⟨
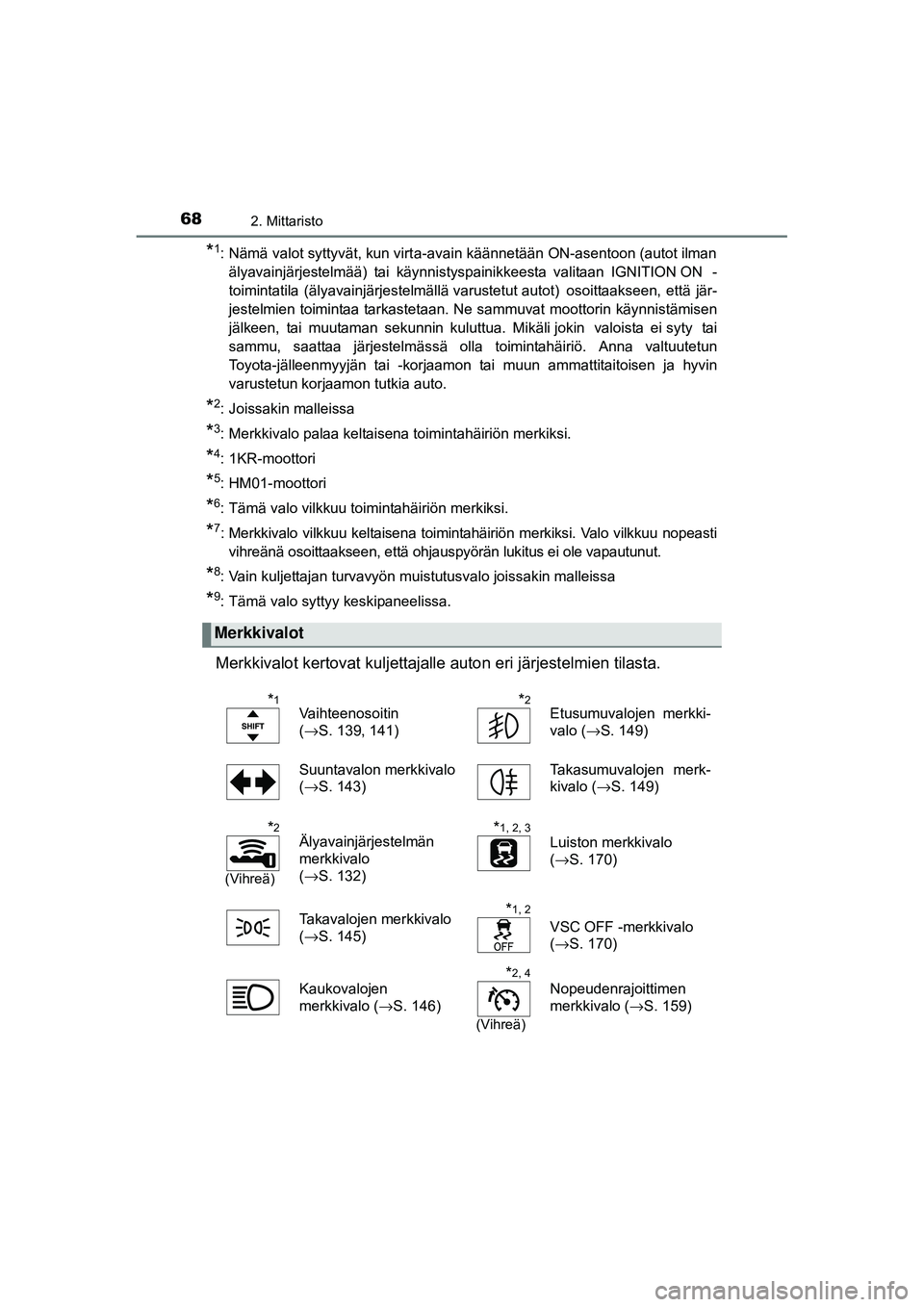 TOYOTA AYGO 2015  Omistajan Käsikirja (in Finnish) 682. Mittaristo
OM99J92FI
*1: Nämä valot syttyvät, kun virta-avain käännetään ON-asentoon (autot ilmanälyavainjärjestelmää)  tai  käynnistyspainikkeesta  valitaan  IGNITION ON  -
toimintat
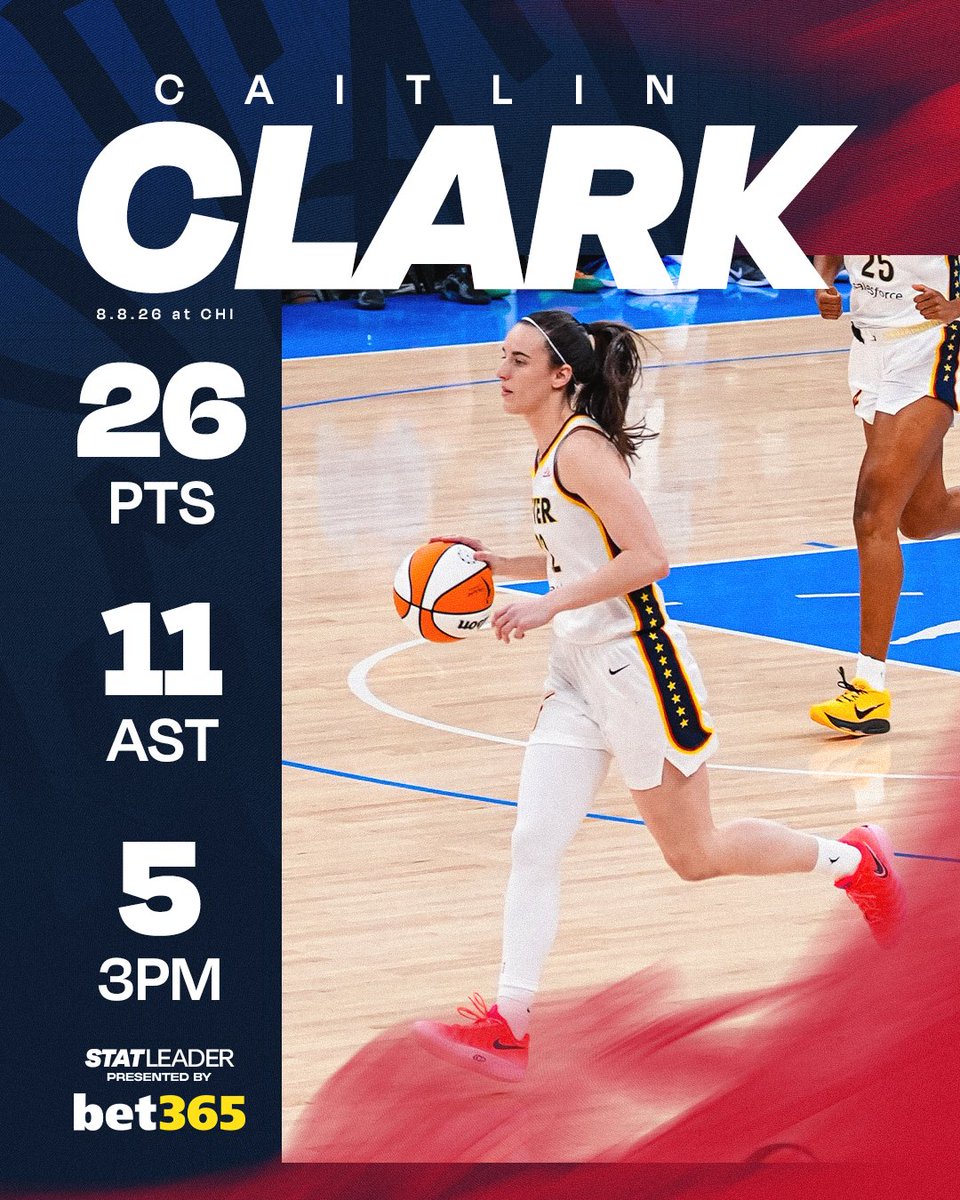 IndianaFever's tweet photo. Caitlin Clark's 8th career game with 25+ PTS, 10+ AST and 5+ 3PM 😈

the rest of the WNBA combined has 4 such games in league history. https://t.co/ZOtME8nfw0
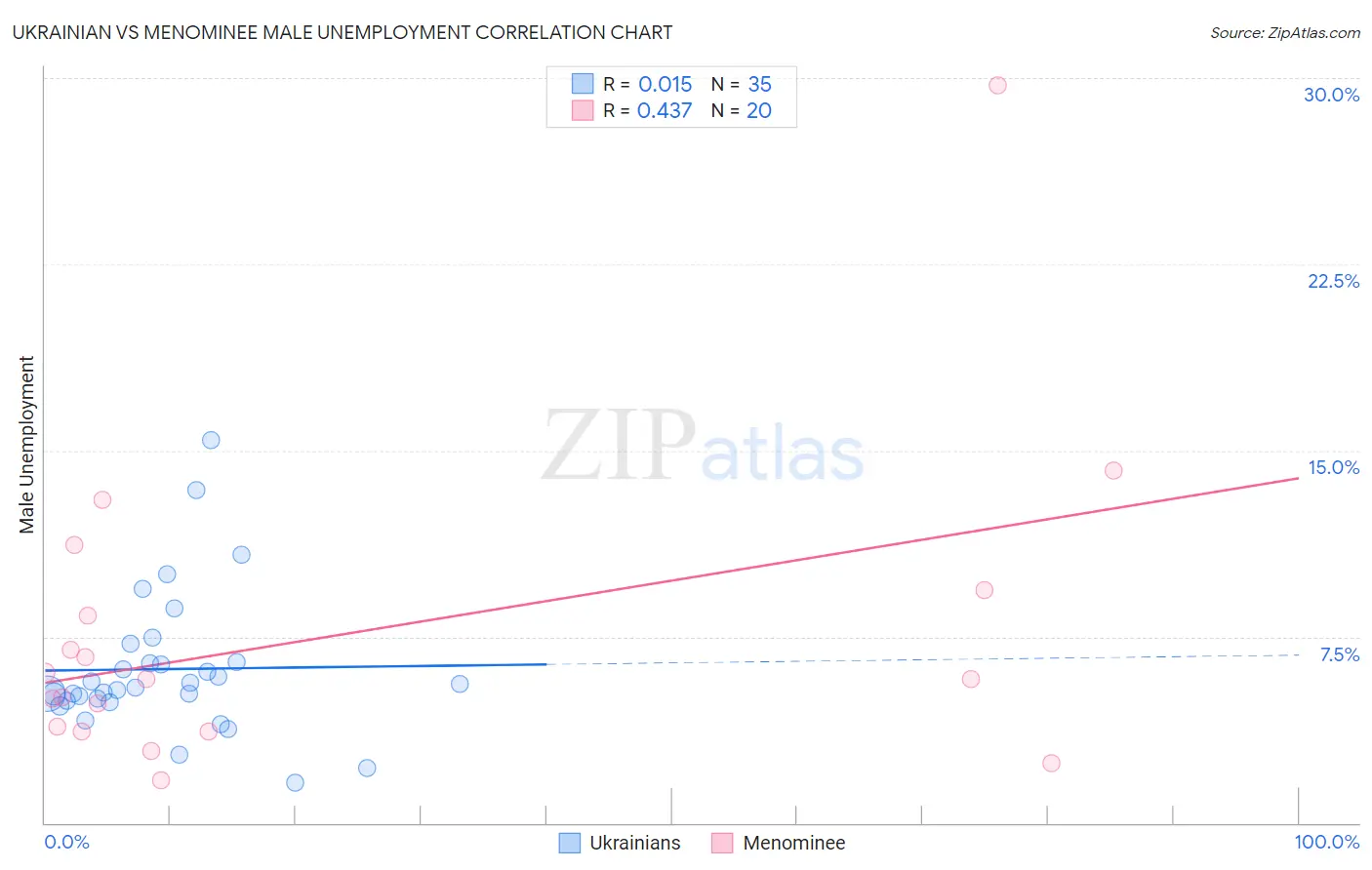 Ukrainian vs Menominee Male Unemployment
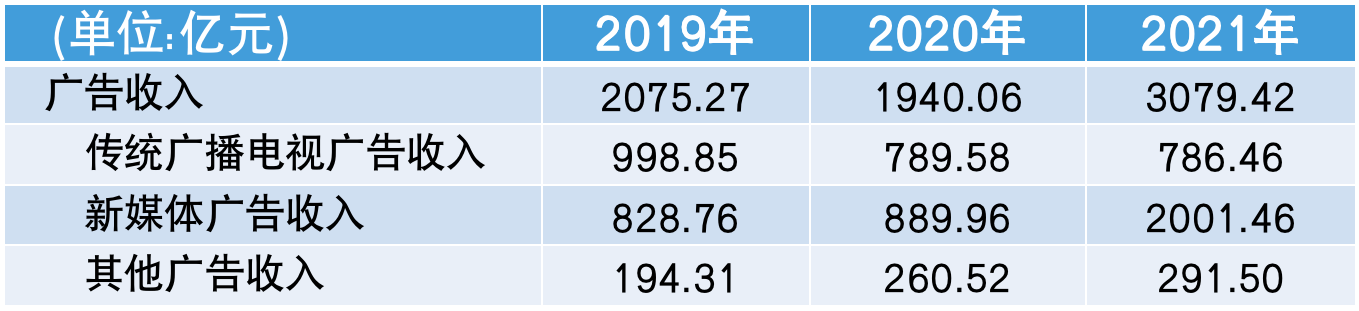 廣電行業(yè)內部正在進行深刻變化調整……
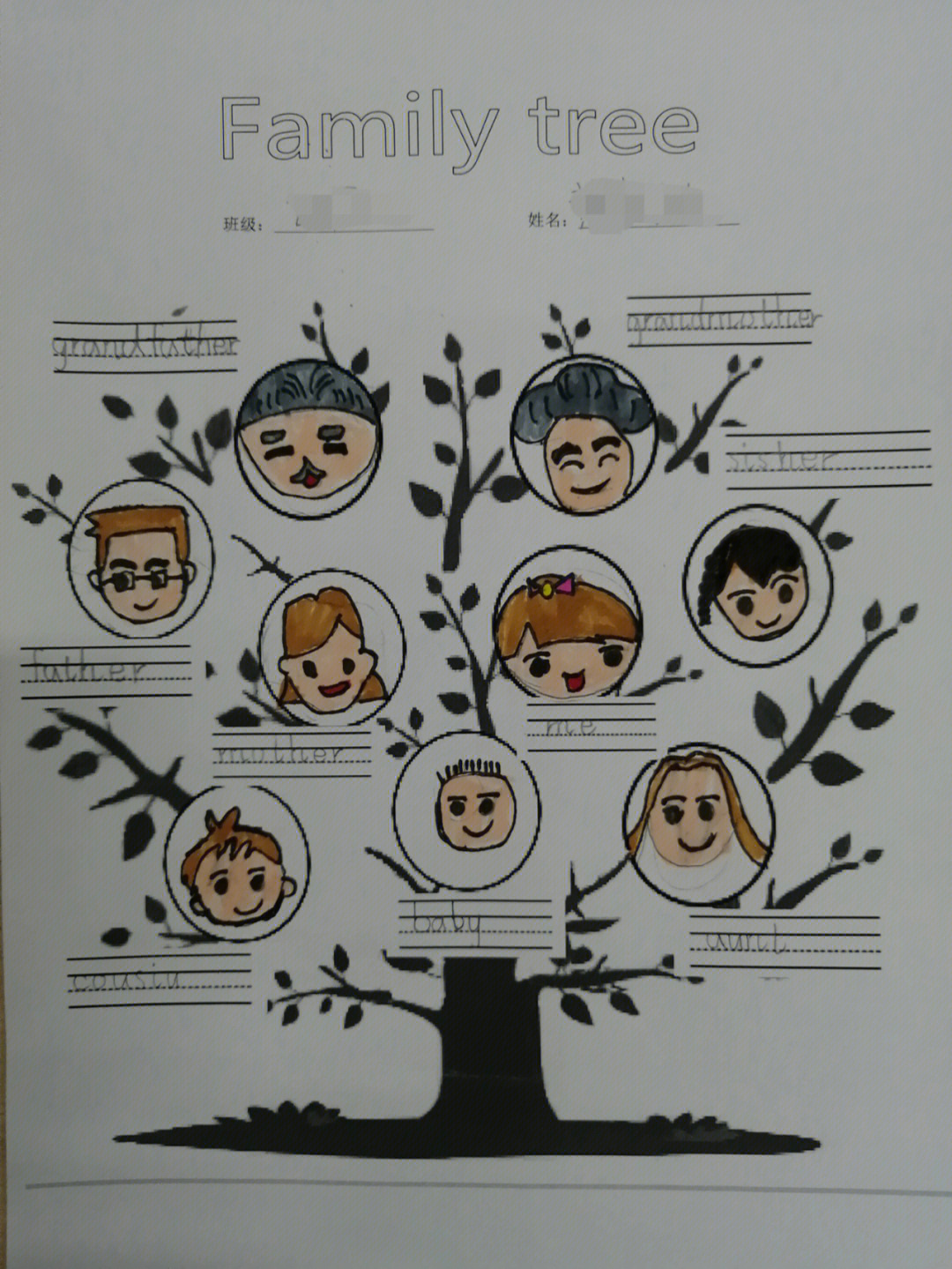 myfamilytree图片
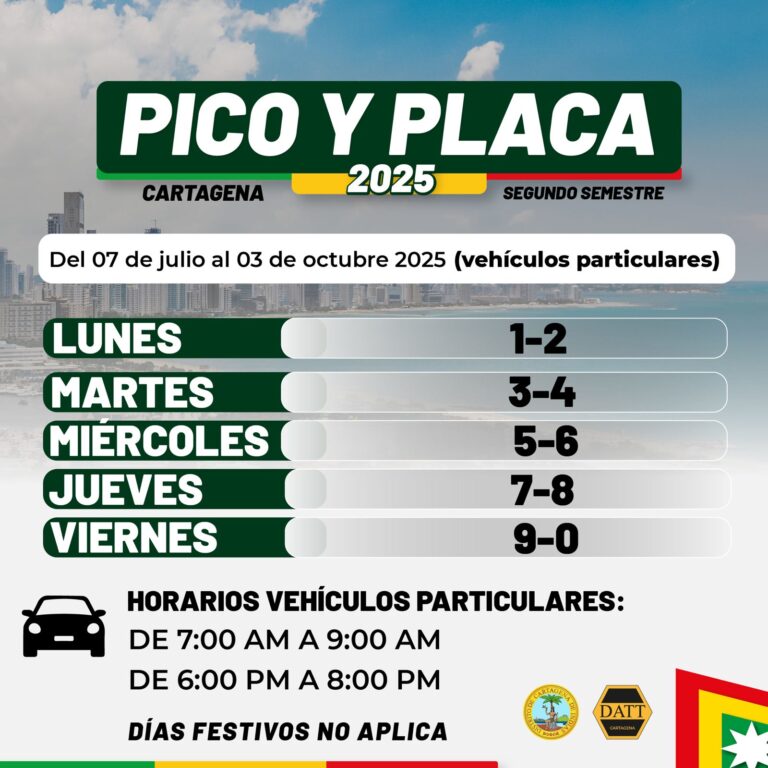 Calendario de la nueva rotación del Pico y placa en Cartagena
⟩
**Task to carry out:** Return all records exactly as they stand above, except for pictures.

**Solution for this problem:**
 TOYOTA AYGO 2015  Omistajan Käsikirja (in Finnish) 682. Mittaristo
OM99J92FI
*1: Nämä valot syttyvät, kun virta-avain käännetään ON-asentoon (autot ilmanälyavainjärjestelmää)  tai  käynnistyspainikkeesta  valitaan  IGNITION ON  -
toimintat
 IndianaFever's tweet photo. Caitlin Clark's 8th career game with 25+ PTS, 10+ AST and 5+ 3PM 😈

the rest of the WNBA combined has 4 such games in league history. https://t.co/ZOtME8nfw0
 Ukrainian vs Menominee Male Unemployment
 廣電行業(yè)內部正在進行深刻變化調整……
 myfamilytree图片
 Calendario de la nueva rotación del Pico y placa en Cartagena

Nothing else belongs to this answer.